In spite of these limitations, this robust replication has many implications for future research focused on clinical populations with attentional dysfunction. Importantly, this study indicates that previous findings using this neurocognitive measure of sustained attention will likely generalize to other samples with greater diversity or unique characteristics in terms of demographics or clinical pathology. Although beyond the scope of this study, we are hopeful this task will help elucidate mechanisms of attentional impairments across a wide range of clinical pathologies that are common in this population and others, including PTSD, mTBI, and substance abuse (DeGutis et al., 2015; Swick, Honzel, Larsen, & Ashley, 2013; Swick, Honzel, Larsen, Ashley, & Justus, 2012). Additionally, while the neuroimaging results of the current study focused on group-level results, future studies focused on individual differences within the general population may provide an opportunity to assess the neural basis of normal variations in sustained attention ability. Functional connectivity during the task may also add additional mechanistic understanding of how sustained attention can reveal clinically relevant brain dysfunction. Research has already demonstrated that connectivity during the gradCPT is associated with early life trauma and ADHD symptoms (Fortenbaugh, Corbo, et al., 2017; Rosenberg et al., 2016). Given that deficits in sustained attention are pervasive across a wide range of clinical populations (for review, see: Fortenbaugh, DeGutis, et al., 2017), the present results may provide a basis for exploring cognitive and neural dysfunction across a wide range of patient groups.

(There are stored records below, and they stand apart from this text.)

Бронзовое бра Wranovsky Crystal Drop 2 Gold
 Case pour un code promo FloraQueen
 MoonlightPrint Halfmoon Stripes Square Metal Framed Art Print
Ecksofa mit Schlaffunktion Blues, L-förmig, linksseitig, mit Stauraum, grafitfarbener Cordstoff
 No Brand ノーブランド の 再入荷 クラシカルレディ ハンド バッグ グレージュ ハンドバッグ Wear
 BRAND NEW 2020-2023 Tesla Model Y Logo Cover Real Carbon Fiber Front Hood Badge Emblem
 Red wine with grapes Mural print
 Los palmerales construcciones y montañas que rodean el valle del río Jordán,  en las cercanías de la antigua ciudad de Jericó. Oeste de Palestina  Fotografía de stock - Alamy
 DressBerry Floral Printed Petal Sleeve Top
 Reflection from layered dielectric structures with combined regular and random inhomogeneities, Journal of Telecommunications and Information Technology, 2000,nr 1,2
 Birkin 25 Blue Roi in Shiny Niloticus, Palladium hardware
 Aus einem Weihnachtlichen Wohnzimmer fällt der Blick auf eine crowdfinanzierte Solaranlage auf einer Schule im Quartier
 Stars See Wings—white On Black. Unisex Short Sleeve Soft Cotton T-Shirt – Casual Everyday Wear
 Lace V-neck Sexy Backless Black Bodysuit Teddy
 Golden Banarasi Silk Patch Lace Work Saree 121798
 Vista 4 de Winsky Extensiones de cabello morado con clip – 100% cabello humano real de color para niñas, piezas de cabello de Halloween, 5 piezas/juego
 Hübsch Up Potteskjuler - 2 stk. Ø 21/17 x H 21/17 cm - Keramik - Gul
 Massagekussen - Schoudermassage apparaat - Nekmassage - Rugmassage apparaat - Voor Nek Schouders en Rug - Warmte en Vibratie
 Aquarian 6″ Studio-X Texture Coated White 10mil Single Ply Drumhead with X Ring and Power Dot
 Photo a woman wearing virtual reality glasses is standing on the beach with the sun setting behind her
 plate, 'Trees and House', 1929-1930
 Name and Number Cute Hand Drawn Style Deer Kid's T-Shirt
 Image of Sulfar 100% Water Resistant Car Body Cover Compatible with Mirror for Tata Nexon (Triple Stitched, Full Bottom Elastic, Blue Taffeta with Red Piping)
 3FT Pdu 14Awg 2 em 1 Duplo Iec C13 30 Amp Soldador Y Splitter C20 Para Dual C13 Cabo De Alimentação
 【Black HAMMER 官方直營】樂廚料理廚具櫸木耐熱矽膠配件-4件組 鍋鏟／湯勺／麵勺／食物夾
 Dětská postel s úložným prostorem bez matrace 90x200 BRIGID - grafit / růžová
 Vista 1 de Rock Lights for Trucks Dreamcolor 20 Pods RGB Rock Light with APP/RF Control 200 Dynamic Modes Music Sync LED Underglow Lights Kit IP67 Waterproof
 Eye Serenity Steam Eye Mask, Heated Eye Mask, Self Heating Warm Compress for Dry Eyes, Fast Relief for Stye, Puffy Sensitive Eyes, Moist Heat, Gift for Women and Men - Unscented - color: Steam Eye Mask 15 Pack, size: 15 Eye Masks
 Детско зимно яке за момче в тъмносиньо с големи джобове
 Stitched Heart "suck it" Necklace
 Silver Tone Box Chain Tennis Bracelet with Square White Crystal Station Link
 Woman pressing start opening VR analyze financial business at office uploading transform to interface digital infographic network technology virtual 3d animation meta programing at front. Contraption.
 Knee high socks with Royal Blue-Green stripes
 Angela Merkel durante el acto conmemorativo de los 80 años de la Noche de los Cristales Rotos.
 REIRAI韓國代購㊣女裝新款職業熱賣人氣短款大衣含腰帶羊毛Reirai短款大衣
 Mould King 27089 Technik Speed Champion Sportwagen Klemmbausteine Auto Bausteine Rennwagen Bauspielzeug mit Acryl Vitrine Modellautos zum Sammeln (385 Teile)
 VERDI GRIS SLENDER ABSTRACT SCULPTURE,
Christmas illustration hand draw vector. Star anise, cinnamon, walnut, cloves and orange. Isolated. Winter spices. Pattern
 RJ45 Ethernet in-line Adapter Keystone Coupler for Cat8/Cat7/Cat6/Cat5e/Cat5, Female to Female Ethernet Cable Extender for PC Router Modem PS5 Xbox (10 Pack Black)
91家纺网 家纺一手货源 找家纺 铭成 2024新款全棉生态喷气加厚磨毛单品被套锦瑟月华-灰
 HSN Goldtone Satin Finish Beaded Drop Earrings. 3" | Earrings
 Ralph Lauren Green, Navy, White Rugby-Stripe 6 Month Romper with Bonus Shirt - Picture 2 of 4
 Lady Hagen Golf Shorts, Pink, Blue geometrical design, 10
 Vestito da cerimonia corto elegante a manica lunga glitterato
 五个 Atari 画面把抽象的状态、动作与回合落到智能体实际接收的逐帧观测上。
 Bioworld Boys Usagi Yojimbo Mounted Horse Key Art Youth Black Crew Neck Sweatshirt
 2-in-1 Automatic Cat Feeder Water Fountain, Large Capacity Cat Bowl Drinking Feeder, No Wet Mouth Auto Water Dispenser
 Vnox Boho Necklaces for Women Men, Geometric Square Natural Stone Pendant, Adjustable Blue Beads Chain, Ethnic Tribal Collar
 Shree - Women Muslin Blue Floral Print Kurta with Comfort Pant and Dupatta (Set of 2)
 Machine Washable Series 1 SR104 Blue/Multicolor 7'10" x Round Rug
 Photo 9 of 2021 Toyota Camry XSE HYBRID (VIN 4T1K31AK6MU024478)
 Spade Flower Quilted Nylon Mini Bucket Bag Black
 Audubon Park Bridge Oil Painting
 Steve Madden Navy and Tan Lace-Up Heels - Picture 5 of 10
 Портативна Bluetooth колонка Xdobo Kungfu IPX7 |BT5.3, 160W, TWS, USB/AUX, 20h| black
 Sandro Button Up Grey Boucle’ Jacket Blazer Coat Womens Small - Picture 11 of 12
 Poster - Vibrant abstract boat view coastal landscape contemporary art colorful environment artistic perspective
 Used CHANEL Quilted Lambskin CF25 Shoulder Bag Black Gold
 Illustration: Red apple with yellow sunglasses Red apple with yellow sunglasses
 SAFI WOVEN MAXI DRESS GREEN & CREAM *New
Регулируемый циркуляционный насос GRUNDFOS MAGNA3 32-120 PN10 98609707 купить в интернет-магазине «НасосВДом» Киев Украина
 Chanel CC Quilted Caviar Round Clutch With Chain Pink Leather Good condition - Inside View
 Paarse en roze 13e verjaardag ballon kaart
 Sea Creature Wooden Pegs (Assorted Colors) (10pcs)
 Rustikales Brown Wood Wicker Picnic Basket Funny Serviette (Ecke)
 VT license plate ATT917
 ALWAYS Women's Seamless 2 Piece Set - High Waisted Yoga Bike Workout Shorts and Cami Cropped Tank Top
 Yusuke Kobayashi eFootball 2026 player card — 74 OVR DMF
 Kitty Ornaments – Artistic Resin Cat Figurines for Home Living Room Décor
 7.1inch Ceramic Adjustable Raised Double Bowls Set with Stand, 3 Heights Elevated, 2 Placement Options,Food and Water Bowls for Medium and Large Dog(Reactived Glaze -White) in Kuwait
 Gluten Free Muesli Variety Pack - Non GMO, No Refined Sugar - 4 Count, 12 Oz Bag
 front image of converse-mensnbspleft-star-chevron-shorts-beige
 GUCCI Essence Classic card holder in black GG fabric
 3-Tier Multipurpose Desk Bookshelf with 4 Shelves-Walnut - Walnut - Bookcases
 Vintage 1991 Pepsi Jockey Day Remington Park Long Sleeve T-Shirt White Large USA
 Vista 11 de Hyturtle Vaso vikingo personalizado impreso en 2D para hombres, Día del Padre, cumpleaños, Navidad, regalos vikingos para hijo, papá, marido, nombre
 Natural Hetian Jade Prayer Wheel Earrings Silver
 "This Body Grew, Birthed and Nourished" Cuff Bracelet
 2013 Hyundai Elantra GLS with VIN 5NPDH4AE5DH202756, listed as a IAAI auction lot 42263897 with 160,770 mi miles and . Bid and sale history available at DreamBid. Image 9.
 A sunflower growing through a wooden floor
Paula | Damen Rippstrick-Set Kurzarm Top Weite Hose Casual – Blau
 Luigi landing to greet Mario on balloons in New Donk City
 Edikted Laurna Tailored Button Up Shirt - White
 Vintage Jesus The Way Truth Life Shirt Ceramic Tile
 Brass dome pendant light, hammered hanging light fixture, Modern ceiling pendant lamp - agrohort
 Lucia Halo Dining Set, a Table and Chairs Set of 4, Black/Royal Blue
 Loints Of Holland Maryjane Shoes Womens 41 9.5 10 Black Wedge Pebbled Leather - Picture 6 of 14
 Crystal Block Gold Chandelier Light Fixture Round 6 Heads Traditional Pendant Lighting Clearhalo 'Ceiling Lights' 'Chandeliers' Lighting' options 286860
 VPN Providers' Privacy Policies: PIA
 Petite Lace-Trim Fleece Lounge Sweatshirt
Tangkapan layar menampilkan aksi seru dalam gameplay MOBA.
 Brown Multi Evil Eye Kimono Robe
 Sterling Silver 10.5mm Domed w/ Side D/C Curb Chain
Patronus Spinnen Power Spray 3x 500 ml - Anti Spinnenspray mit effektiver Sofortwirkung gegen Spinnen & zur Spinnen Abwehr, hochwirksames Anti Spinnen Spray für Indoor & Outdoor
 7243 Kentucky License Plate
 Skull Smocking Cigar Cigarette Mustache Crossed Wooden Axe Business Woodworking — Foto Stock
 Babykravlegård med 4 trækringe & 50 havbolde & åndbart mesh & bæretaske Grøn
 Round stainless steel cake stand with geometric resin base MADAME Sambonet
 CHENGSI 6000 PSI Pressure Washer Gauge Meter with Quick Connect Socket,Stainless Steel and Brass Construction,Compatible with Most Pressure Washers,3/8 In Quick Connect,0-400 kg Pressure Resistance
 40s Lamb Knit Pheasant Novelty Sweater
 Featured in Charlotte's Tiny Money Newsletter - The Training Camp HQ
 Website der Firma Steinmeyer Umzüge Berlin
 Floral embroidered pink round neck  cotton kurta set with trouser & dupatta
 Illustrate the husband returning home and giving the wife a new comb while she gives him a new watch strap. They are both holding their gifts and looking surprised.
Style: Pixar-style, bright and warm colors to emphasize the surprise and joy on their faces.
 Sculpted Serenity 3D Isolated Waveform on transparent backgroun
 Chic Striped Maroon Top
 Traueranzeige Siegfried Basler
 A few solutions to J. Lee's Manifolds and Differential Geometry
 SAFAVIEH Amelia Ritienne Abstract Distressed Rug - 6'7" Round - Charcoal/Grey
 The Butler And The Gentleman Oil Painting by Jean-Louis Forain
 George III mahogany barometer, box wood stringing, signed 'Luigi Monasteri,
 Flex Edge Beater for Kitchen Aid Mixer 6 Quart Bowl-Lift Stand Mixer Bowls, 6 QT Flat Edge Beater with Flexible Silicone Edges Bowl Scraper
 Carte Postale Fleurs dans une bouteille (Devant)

In conclusion, the current study robustly replicates the majority of behavioral and neuroimaging markers of sustained attention and fluctuations in accuracy and variability over time. As the current sample represents a more demographically and clinically diverse group than most basic fMRI research, the present results further underscore the validity of the gradCPT and supports its generalizability to other populations. As this task has already been used by multiple research groups and cited hundreds of times, the current study provides valuable assurance to future investigators who contemplate this methodology to study sustained attention. More broadly, we hope this work serves to highlight the importance and utility of replication in the fMRI community.